Data from three ranches with similar parent soils in Mississippi (Figure 1), and employing three different grazing management styles, shows the transition from soils with depleted organic matter to soils enriched with OM can be associated with very large soil pH changes from acidic to basic. Solutions and surfaces in basic soils can hold cations such as calcium and magnesium. In acidic soils, these cations more freely run away with the water.


The implications of these changed soil conditions for improved water infiltration and retention extend way beyond just better plant growth. Recent work by Texas A&M University showed that a change in grazing management practices from heavy/continuous to a multi-paddock system decreased surface runoff by nearly 50%. This water not only stays on the property to help grow more grass, but substantially reduces potential flooding downstream.

But this is what makes the water cycle even more interesting: The water that stayed on the land and resulted in the growing of grass ends up back in the air from whence it came.

Water in the Air

People understand our rivers of liquid water because we can see them and follow them with our eyes. But the same basic dynamics are true of the atmospheric rivers of water vapor. Water transpired in the process of growing a plant is put back into the air, where it can come down again somewhere else to help another plant grow. If it didn’t stay in the soil to help a plant grow, it must have run off downstream.
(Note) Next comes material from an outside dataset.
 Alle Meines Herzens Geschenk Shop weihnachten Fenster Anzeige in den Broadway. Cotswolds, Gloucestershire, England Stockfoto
Inspired by the work of a friend, we recently downloaded the precipitation and river flow data for the well-documented Des Plaines River basin just west of Chicago. Figure 2 illustrates how precipitation is related to river flow since 1946. The data shows that, although rainfall has varied, it hasn’t changed much overall.

What has changed is that roughly twice as much water leaves the basin via the river instead of being evaporated back on the land.

This simplistic analysis is not able to distinguish between how much of this runoff is attributed to concrete-covered surfaces vs. degraded soils. What is clear from other data is that the river flow rate increase is a result of both. When the Des Plaines River experiences significant flooding, it’s a reminder that much of the pain is self-induced.


Many people do not know that the evaporation of water (or any liquid) consumes vast amounts of energy. Your air conditioner uses electrical energy to evaporate water in cooling the environment. Forages use solar energy to do the same thing. The process of growing grass transpires water that literally cools your pasture. If we couple this with adaptive grazing where we intentionally leave at least 50% of plant leaf volume after every grazing period, we provide additional protection to soil moisture and soil temperature.

Our data shows that on days when the ambient temperature reaches the mid-90s or higher, soil temperature where grass is grazed down tight can be 110-140 degrees F. But where plenty of grass cover is left and plants are still actively transpiring, soil temperatures can be in the mid-70s to high-80s.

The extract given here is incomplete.